Family Law focuses on finding solutions to issues relating to often complex legal relationships. These include marriage and parenthood among others. For this reason, family law practice can involve work with varying groups from children to the elderly and any others in between. Because family law relates to some very personal aspects of a client’s life, it can be one of the most emotive areas of law to practice.
At degree level, family law often comprises an elective module in the final year of a student’s LLB degree. Modules can vary by university and may include a sociological look at the way society views family as well as a specific focus on the law’s practical application.
Family Law Topics
Family Law is incredibly diverse. This means that the topics studied at one institution are often different from those studied at another.
Most modules will feature some core topics (such as marriage, divorce and children) as well as others which will be more specifically linked to the professors’ areas of expertise.
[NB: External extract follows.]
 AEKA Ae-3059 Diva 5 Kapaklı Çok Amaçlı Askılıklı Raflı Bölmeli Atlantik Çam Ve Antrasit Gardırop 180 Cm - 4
- Divorce, dissolution and financial separation
- Children, parentage, residence, contact and parental responsibility. This may also include adoption, surrogacy, child abduction and even abuse/neglect
- Children’s Rights (taking into consideration a child’s ability to make their own decisions)
- Domestic Abuse
- Domestic obligations towards families under International Treaties such as the ECHR
- Socio-legal Family Law: a more general look at what society defines family as and whether the law has adequately responded to modern societal views. Examples include the law of parentage in the context of a rise in same-sex couples
- Family law and the State. This includes the role of agencies and local authorities in childcare and protection
How to Become a Family Lawyer
To become a family lawyer, you must demonstrate certain personal characteristics and relevant work experience. You’ll also have to indicate your passion for the subject.
Is it for Me?
A career in family law may require working with both adults and children, so you must be prepared for client-facing work. These children and adults may find themselves in distressing situations, and so you muse be able to cope in those scenarios.
It also helps if you have a passion for helping people and want to work on handling relationships and interacting with your clients. Your work as a family lawyer will vary hugely from that of a tax lawyer, for example. It is also important to be able to detach yourself from the client and their problems on a personal level, as you must always stay professional.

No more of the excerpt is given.